Tokenized equities are a great example of RWAs integration beyond private credit and Treasury bills into more mainstream instruments. Last year’s data shows tokenized treasuries and money‑market funds exceeded $7.4B in value. When you delve into tokenized equities specifically, reports show this sector hit a market cap of $963M already in 2026. Specifically, this swing represents a 2,878% increase in value from the same time last year.

Nearly every aspect of the tokenized equities market shows growth. For example, there is currently $2.66B in monthly chain transfers across tens of thousands of active addresses.

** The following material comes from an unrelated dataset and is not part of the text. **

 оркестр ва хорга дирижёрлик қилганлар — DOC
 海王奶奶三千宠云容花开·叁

Key Forces Driving Tokenized Equities Adoption

There are several key factors that continue to drive interest and adoption of tokenized equities. The main factor is a new trust and level of investor confidence. In the past, tokenized equities were seen as strictly speculative.

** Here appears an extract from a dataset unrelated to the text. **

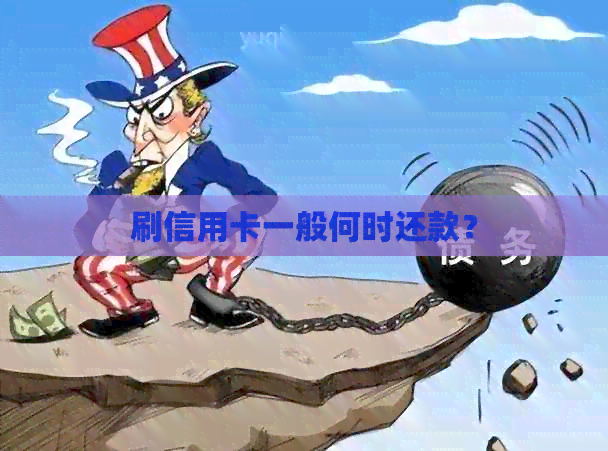 刷信用卡一般何时还款？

However, today this view has shifted into a more established and trusted vision for the future of the market. Here are some other key factors driving tokenized equities adoption.

Added Exposure

At the top of the list for reasons why tokenized equities have seen explosive growth is their international exposure. The world is filled with investors eager to get in on the US markets. However, if you’re not a citizen, this is a very difficult task.

You can avoid these headaches and gain access to US and EU blue-chip companies via tokenized equities. This strategy eliminates much of the friction caused by local brokerages and FX controls. This approach also has the added benefit of avoiding high minimums as well.

Regulatory Support

Another main reason why you are likely to see tokenized equities listed by your local broker in the next six months is regulatory changes. Until this last administration, blockchain assets were very misunderstood, with many lawmakers believing that they somehow encouraged money laundering and scammers.

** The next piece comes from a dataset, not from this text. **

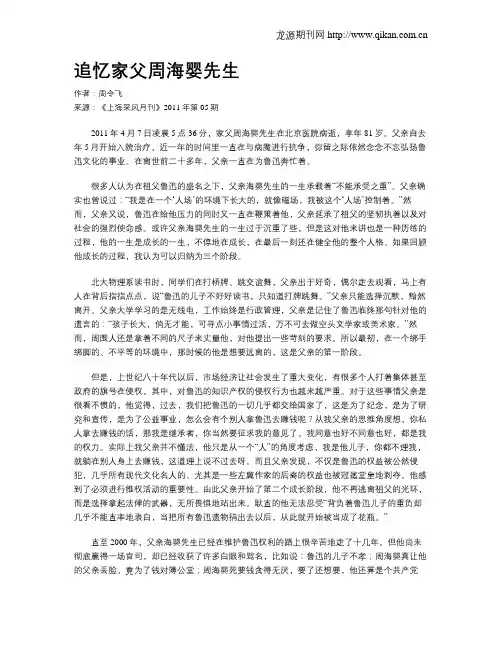 追忆家父周海婴先生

Today, there is a broader understanding of technology. Lawmakers have learned why and how blockchains work, enabling them to make decisions on these assets based on facts and not just emotions.

This scenario has led to these assets becoming an extension of capital markets rather than a speculative asset. Combine this scenario with access to growing institutional rails, new SEC guidance on broker-dealer custody, and a DTCC no-action letter tied to a tokenization pilot, and you can see why there is more investor confidence than in years prior.

24/7 Trading

The ability to trade around the clock has helped tokenize equities take flight. When discussing trading strategies, especially those of high‑frequency traders, the ability to trade 24/7 opens the door for more revenue and opportunities.

Investors are sick of waiting over the weekend and holidays to trade their assets. These are the times that volatility can spawn and expand, leaving traders helpless until Monday morning. Tokenized assets enable traders to avoid additional losses by allowing them to trade whenever they want.

Instant Settlement

Aside from transferring quicker and providing more access, tokenized assets offer instant settlement. Instant settlement is a major upgrade, as traditional requests could take over 2 days to complete. During this time, trades could miss out on other lucrative opportunities.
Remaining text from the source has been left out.